THE PROBLEM: Filter the records below for the word "Brown". Copy each line that holds it.

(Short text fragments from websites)
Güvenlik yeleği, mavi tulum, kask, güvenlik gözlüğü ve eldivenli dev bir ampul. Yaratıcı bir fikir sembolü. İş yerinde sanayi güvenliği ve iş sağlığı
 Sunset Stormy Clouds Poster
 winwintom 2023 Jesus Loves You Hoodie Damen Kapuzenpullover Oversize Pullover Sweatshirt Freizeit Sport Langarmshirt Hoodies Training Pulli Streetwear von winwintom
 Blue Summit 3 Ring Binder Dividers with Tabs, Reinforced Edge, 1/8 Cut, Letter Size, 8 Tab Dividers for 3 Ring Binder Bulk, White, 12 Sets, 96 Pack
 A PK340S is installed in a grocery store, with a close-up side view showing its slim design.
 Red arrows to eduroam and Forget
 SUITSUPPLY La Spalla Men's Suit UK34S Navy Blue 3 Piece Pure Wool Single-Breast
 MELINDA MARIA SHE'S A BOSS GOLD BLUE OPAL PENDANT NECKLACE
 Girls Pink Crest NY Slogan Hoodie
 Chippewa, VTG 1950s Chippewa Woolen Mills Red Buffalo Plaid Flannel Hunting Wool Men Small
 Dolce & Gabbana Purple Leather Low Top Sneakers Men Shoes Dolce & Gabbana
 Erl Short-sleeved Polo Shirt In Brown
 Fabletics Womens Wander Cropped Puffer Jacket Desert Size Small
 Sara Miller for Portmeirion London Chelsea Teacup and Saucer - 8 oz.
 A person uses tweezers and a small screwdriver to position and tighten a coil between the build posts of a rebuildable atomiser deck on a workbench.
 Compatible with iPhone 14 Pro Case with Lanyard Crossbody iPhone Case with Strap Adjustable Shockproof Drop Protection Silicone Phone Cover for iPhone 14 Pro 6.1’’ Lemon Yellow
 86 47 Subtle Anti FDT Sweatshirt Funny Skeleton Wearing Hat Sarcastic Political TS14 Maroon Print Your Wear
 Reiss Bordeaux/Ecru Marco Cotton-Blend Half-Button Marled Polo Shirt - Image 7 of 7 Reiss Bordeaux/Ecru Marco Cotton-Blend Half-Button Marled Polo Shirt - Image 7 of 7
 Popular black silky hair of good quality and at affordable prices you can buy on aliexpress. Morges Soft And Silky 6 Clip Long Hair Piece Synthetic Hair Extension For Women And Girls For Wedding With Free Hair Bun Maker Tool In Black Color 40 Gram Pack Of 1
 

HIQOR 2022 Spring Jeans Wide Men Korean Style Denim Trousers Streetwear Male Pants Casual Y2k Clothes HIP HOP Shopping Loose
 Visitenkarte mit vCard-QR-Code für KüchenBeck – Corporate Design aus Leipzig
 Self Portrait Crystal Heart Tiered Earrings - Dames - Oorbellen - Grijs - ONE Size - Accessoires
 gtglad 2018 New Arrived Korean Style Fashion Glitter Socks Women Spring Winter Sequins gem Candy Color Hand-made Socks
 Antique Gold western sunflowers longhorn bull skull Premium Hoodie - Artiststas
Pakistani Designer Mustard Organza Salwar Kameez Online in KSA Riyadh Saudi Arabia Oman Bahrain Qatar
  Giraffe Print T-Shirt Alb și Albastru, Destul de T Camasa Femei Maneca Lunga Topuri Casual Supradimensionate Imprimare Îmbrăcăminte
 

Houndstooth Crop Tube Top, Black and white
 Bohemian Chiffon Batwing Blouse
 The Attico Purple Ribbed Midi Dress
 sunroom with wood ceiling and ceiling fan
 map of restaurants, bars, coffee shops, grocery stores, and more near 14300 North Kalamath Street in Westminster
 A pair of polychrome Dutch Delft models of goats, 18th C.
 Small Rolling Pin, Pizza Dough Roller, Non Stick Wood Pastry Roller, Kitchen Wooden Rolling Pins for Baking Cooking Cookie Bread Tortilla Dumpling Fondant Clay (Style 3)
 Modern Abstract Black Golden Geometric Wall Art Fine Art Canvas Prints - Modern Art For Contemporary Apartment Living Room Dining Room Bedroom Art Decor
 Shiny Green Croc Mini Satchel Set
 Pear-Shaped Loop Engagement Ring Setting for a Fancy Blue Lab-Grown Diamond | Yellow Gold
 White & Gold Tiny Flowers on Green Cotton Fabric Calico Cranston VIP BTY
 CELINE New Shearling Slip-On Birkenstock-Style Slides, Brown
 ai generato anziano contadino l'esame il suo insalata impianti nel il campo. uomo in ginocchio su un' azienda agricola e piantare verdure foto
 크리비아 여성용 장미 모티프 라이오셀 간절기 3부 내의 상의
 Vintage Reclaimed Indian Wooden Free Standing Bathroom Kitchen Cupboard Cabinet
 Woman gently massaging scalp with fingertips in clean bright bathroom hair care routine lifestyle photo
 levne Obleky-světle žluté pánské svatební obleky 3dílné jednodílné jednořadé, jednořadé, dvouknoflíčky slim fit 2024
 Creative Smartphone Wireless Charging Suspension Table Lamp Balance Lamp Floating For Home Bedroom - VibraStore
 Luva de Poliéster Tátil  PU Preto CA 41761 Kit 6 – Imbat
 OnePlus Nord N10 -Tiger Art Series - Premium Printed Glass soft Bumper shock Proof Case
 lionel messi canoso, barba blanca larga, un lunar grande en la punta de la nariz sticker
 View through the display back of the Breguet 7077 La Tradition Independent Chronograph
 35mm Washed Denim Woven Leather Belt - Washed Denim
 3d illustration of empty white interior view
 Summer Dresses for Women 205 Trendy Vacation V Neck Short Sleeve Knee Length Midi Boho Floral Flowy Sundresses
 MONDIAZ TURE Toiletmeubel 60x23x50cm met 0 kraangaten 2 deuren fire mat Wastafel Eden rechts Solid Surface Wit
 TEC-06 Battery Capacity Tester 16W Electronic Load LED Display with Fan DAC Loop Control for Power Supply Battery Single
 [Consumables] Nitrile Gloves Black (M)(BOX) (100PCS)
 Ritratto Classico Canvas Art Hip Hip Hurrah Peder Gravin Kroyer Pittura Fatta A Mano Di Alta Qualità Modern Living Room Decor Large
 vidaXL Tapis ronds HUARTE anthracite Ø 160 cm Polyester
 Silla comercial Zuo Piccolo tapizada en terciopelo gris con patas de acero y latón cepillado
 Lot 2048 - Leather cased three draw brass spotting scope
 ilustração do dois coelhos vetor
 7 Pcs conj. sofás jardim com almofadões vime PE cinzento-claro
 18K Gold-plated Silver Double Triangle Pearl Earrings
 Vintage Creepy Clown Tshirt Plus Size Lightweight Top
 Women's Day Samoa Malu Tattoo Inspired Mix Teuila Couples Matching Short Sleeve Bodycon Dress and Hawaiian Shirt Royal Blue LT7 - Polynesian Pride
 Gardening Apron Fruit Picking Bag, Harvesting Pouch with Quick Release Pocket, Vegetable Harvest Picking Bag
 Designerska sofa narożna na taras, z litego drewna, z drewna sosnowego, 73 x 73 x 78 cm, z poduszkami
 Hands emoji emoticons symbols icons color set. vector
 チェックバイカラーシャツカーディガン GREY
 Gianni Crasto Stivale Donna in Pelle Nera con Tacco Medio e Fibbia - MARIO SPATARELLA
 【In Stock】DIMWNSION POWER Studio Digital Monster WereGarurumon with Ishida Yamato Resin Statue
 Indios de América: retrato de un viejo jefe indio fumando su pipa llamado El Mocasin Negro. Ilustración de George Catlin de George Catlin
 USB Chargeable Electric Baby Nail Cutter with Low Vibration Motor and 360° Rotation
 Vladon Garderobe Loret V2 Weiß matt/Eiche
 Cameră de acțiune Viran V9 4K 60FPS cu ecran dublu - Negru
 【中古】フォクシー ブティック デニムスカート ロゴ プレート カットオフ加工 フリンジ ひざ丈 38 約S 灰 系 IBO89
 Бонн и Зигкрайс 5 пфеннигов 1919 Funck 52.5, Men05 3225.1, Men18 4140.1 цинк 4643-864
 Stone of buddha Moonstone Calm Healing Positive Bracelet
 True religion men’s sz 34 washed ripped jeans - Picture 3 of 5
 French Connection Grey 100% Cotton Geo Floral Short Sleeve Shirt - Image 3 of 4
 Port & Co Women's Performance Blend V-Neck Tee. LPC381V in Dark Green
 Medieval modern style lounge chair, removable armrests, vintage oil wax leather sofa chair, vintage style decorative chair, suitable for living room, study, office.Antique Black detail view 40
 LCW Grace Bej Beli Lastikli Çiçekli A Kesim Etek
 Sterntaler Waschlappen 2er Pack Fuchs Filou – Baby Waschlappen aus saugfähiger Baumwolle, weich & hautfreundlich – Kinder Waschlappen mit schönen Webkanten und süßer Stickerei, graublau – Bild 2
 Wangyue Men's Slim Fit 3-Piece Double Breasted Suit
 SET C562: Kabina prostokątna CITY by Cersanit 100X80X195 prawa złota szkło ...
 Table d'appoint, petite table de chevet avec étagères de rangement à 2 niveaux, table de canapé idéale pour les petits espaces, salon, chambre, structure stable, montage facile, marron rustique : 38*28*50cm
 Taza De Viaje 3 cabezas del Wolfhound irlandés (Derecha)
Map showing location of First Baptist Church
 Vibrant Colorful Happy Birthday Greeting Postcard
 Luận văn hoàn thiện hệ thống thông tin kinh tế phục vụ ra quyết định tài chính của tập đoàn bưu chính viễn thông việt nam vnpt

SOLVED EXERCISE:
 Erl Short-sleeved Polo Shirt In Brown
 CELINE New Shearling Slip-On Birkenstock-Style Slides, Brown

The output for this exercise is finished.